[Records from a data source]
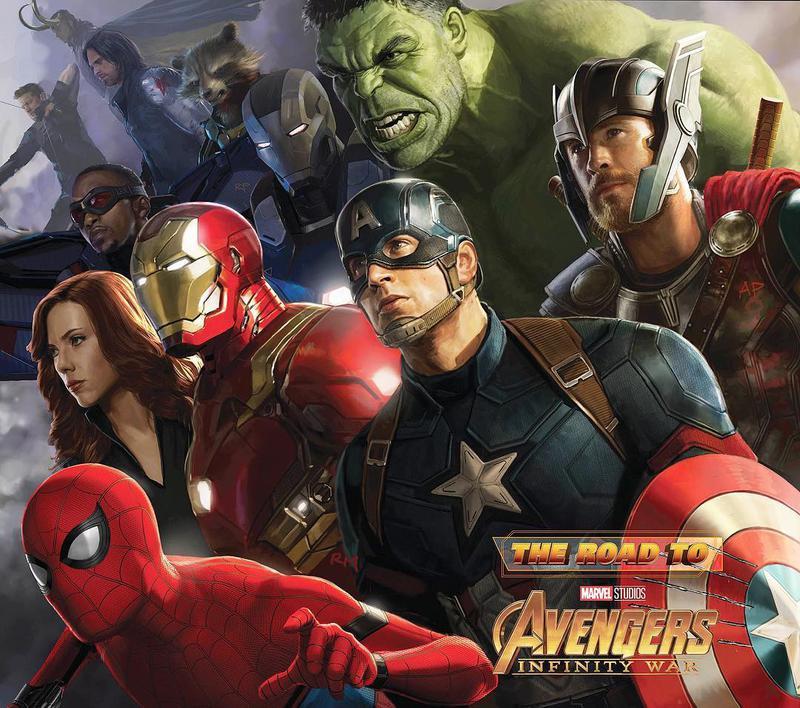 Avengers Road to Avengers Infinity War art by Ryan Meinerding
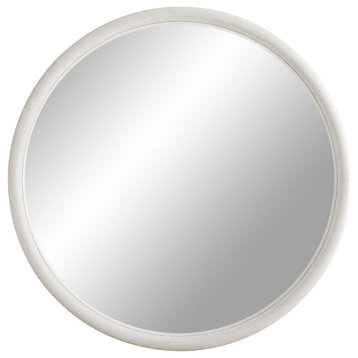 Lesley Large Mirror, White Wash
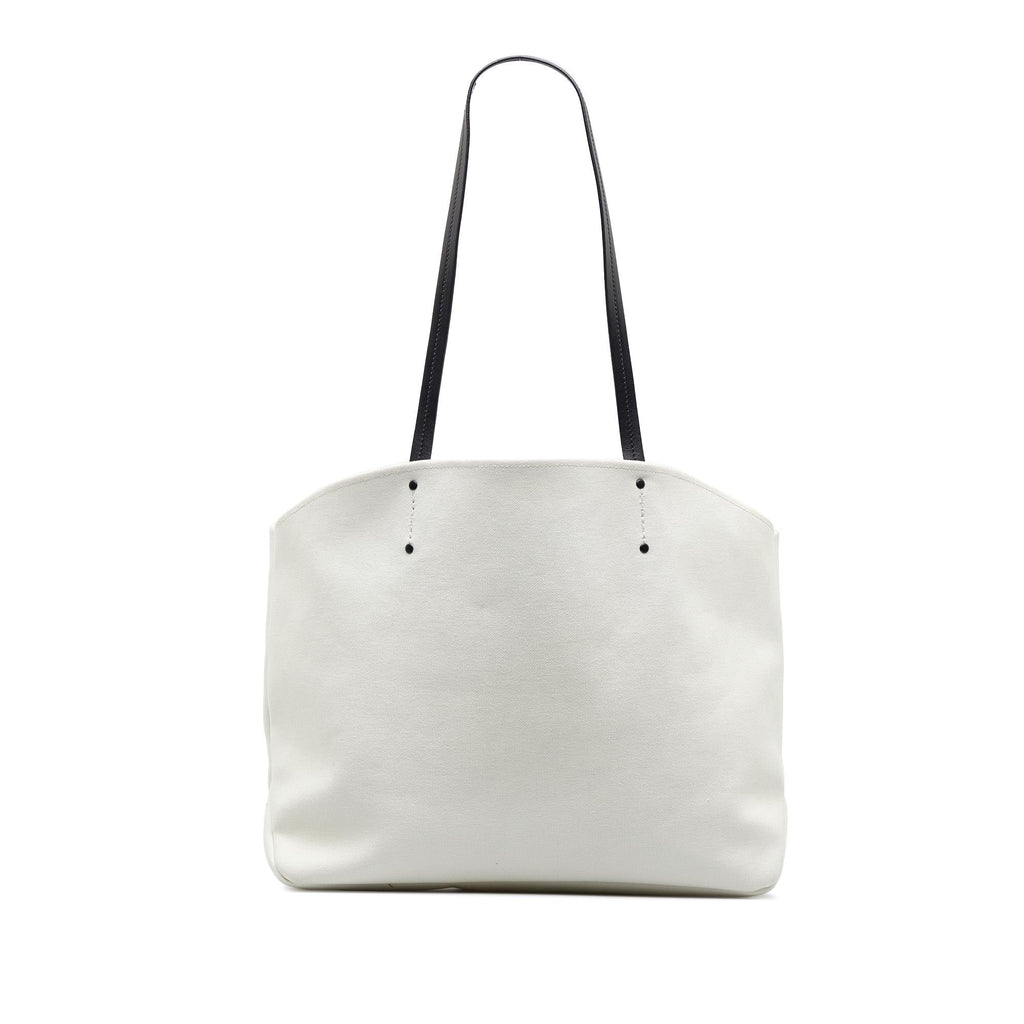 Prada Canapa Racing Logo Shopping Tote (SHG-fIzOpY)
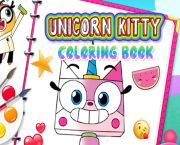 Unicorn Kitty Coloring Book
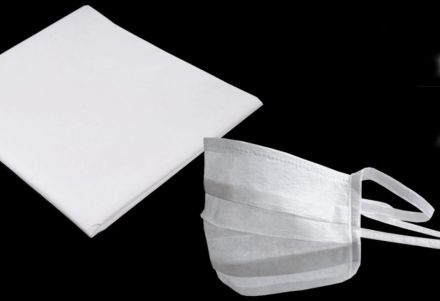 Netkaná textilie pro výrobu roušek Bílá 1m/95cm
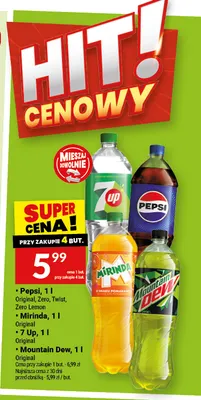 Napój gazowany Pepsi Twist promocja w Twój Market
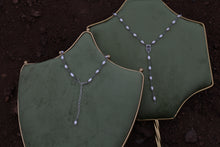 Load image into Gallery viewer, **custom for Sareha*Silver Flower and Pearl Lariat
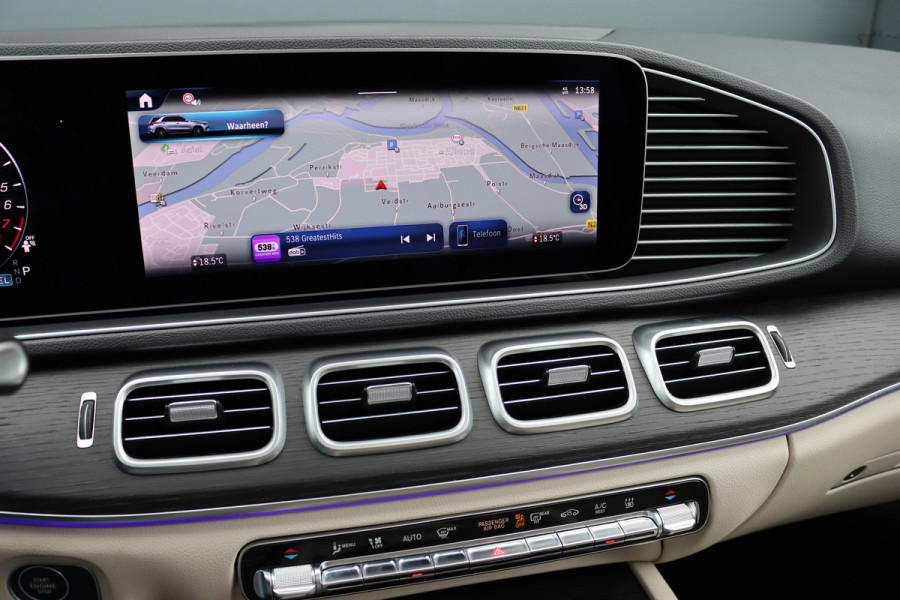 Mercedes-Benz GLE 400 e 4MATIC AMG Line | Luchtvering | Distronic | Burmester | Verwarmd Stuurwiel | Panoramadak | Trekhaak | Stoelverwarming V+A | Augmented Reality | Surround Camera |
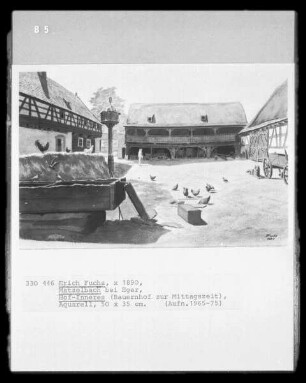 Hof-Inneres (Bauernhof zur Mittagszeit; Matzelbach bei Eger)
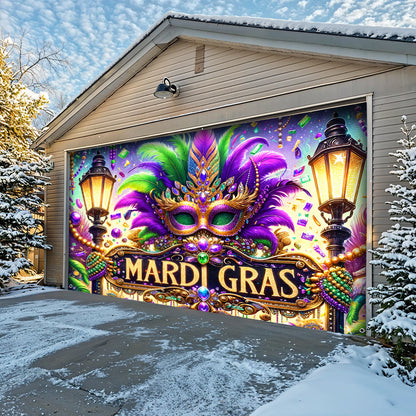Mardi Gras Garage Door Banner Decoration - Mardi Gras Majesty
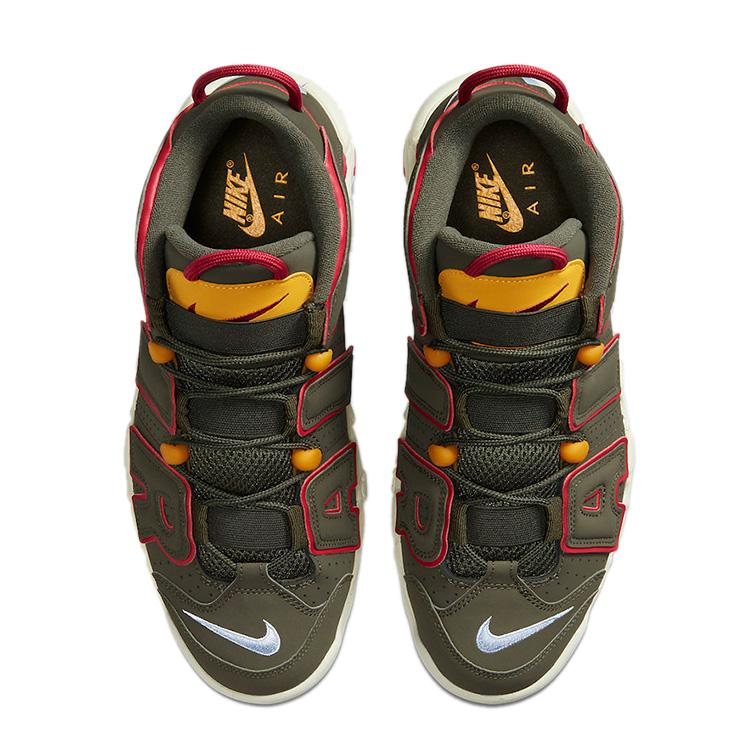 NIKE ナイキ AIR MORE UPTEMPO 'CARGO KHAKI' エア モア アップテンポ "カーゴ カーキ" メンズ スニーカー CARGO KHALI/LIGHT MARINE【海外展開 日本未入荷】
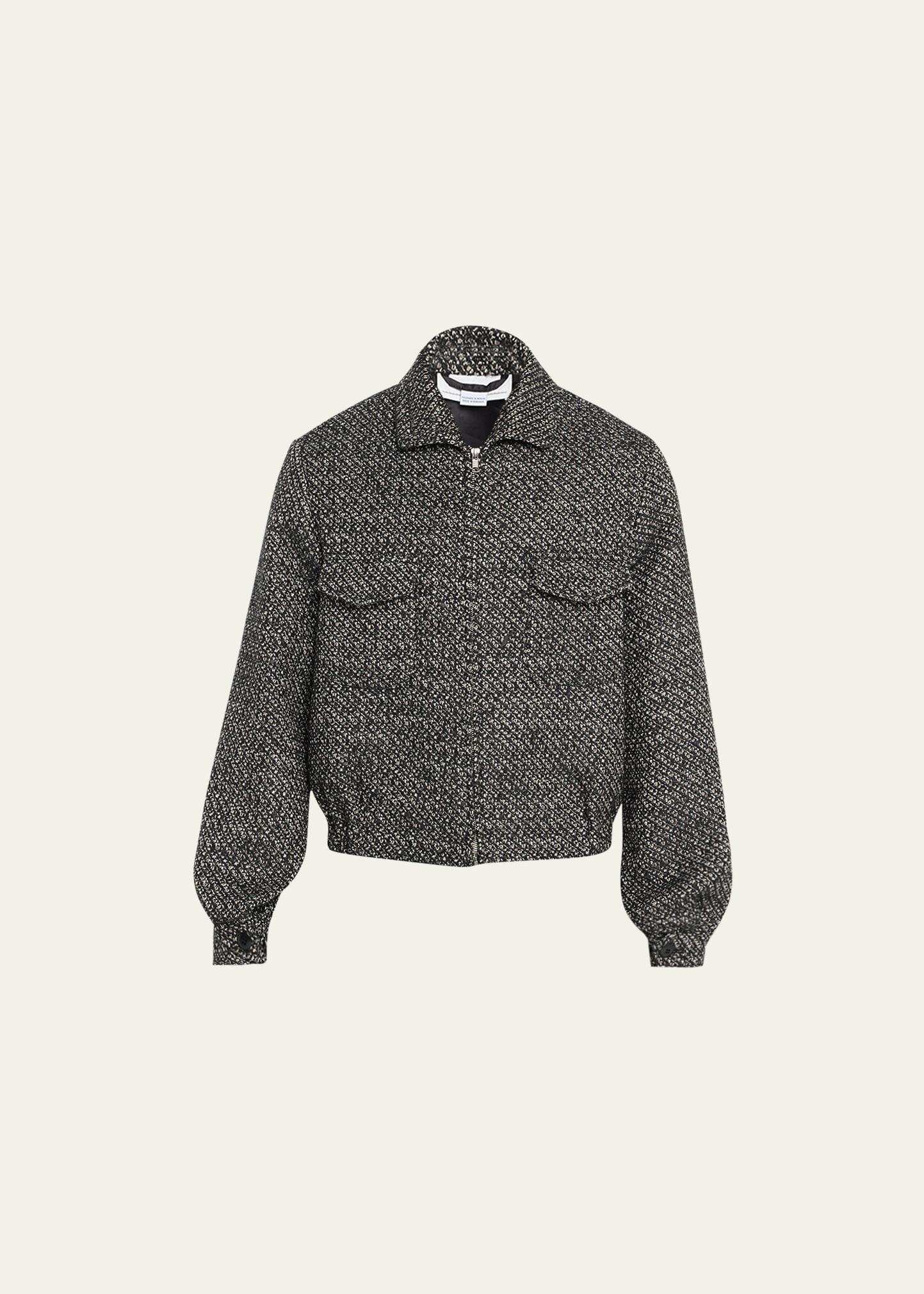 Mens Simmo Tweed Blouson Jacket Product Image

PROBLEM DETAILS → Pictures are to be left out when the lines from the one containing "Mardi Gras Garage" through the end of the records above are repeated exactly; no other line is wanted.

COMPLETED TASK →
Mardi Gras Garage Door Banner Decoration - Mardi Gras Majesty
 NIKE ナイキ AIR MORE UPTEMPO 'CARGO KHAKI' エア モア アップテンポ "カーゴ カーキ" メンズ スニーカー CARGO KHALI/LIGHT MARINE【海外展開 日本未入荷】
 Mens Simmo Tweed Blouson Jacket Product Image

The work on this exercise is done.